Palmiero: Congratulations to the most obscure apparently great player of this generation on attaining his 3,000th hit; I'd say that in the second-person but I'm thinking he's not celebrating his milestone with a late-night surf of Mets blogs from a hotel suite in the Pacific Northwest. If you were to airlift his numbers and deposit them in the middle of the 1920s and '30s, we'd just assume he was one of the greats of all time — unless he wasn't a Yankee, because they define baseball. 17-1 twice in the same season! That's hysterical!. That it never occurred to any of us that we were watching a living legend these past two decades is our problem. Palmiero's Cooperstown-bound even if it's a crime that he's not joining Gil and Keith in the first basemen's wing.

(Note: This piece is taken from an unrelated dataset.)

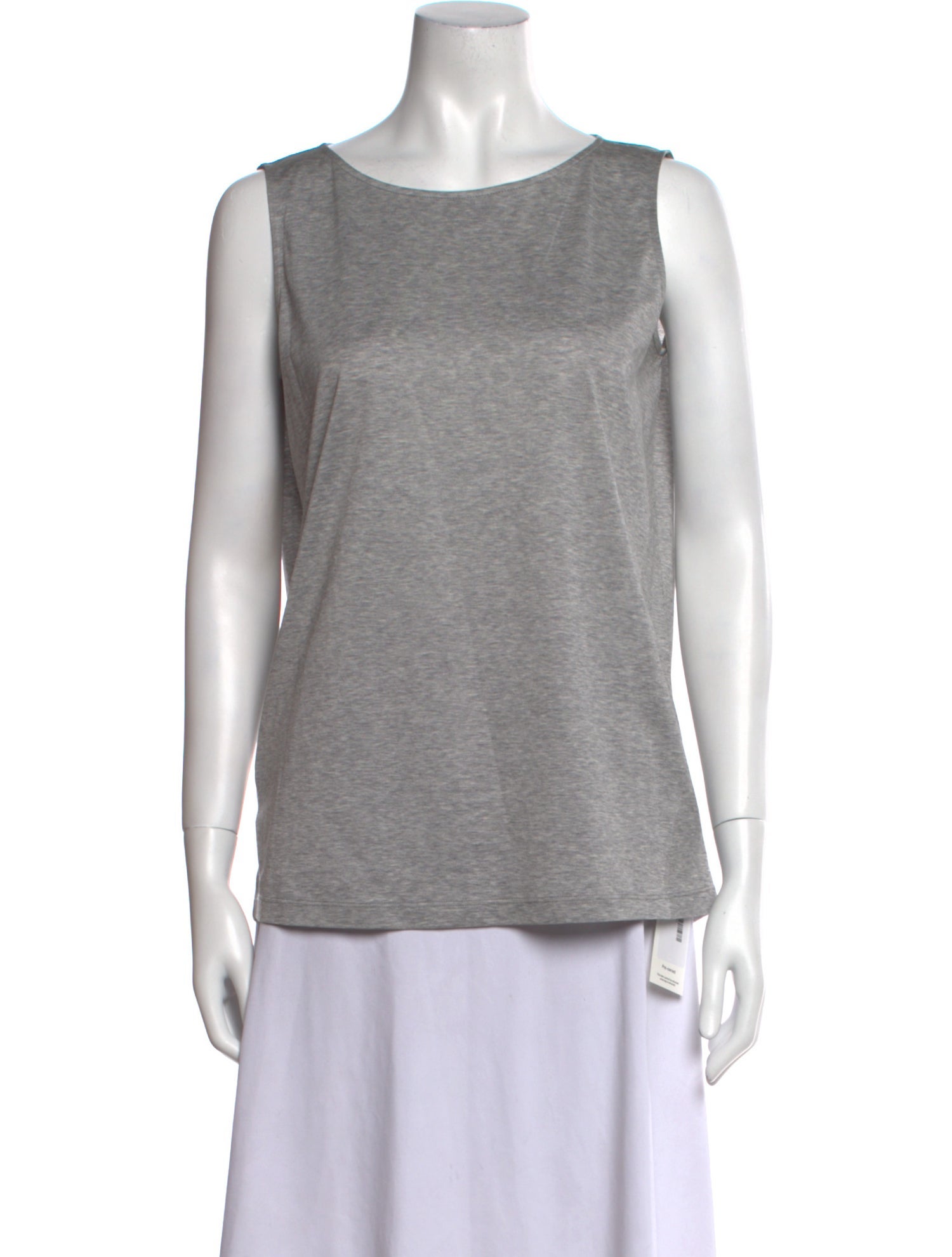 Fabiana Filippi Scoop Neck Sleeveless Top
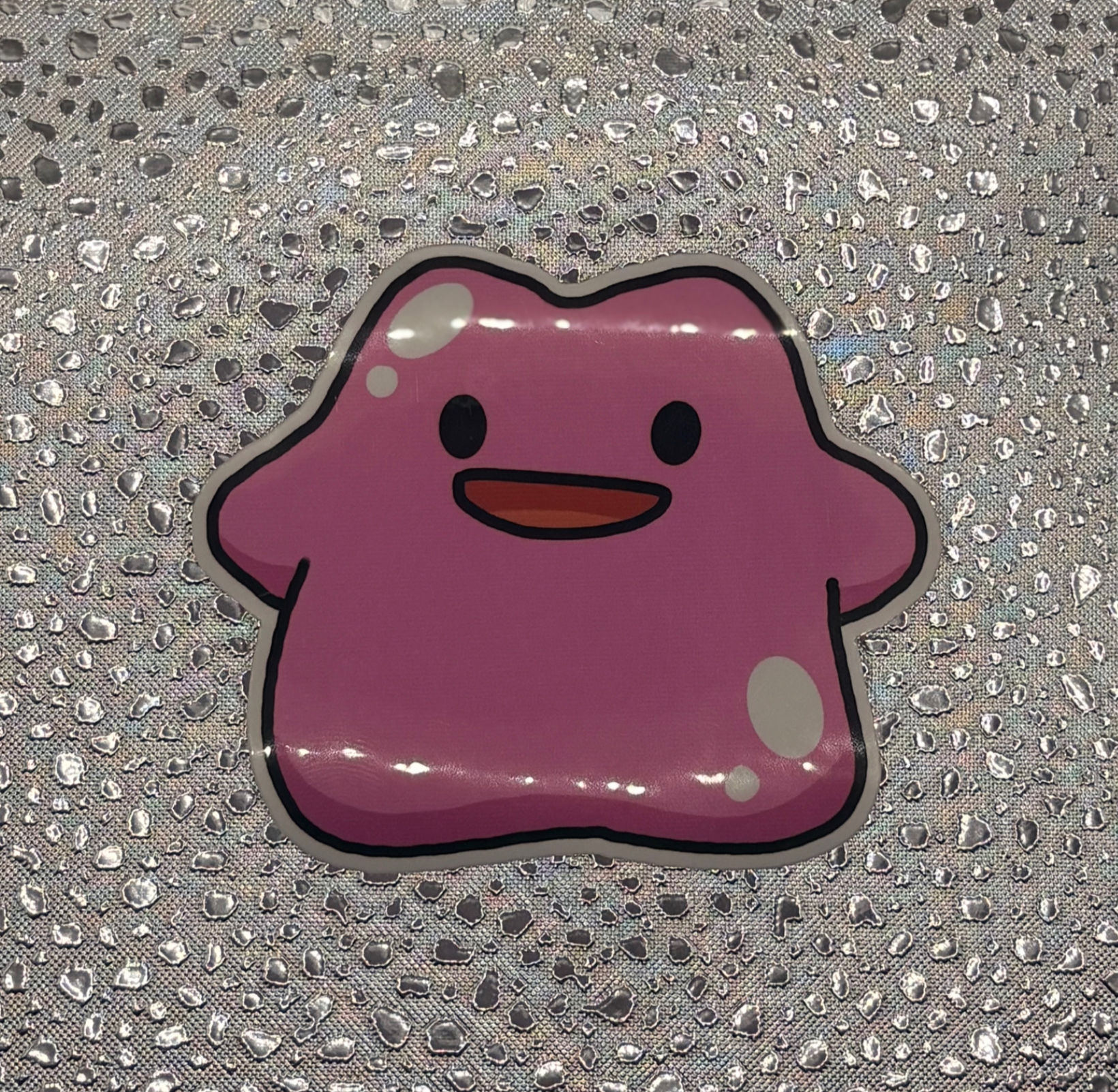 Purple Mimic Pocket Pal - Waterproof Vinyl Sticker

Santana: The Mets' ever helpful e-mail bombardment has notified us that Lenny Dykstra and Rafael Santana will be rocking FanFest Saturday night. I imagine only those who can't hack the queue for Nails (who will autograph all currency you win from him via impromptu games of chance) will seek out Ralphie. To anybody who's going, do me a favor and show the day-in, day-out shortstop of the greatest team in franchise history a little love. My family adored Rafael Santana. My mother named a stuffed dog after him. When the Mets unveiled their most Amazin' Moments in 2000, the only two players for whom I couldn't contain my glee beyond mere standing ovations were Willie Mays (who must've gotten paid a fortune to attend) and Rafael Santana. In a foreshadowing of things to come, the very first phone call Howie Rose ever took on Mets Extra, before the 1987 title defense began, was “the Mets need to replace Santana.” Howie and I each had our sensibilities ruffled. I just liked the guy and the way he didn't screw up across parts of four seasons and one post-season. It was a big deal when he was traded to the Yankees after '87 (opening the door for all-hat, no-cattle Kevin Elster to disappoint greatly) and of course I mourned his new business address. But even that worked out well because a young intern who worked in the Yankees' front office in the summer of '88 obtained a game-used Rafael Santana model Louisville Slugger. Through the actions of my very thoughtful friend Richie, that very bat sits inches from my desk at all times, including now. The pine tar that's dried along the handle, I've been assured, was applied by Ralphie himself while he was still Met property. I don't believe it for a second, but I appreciate the assurance.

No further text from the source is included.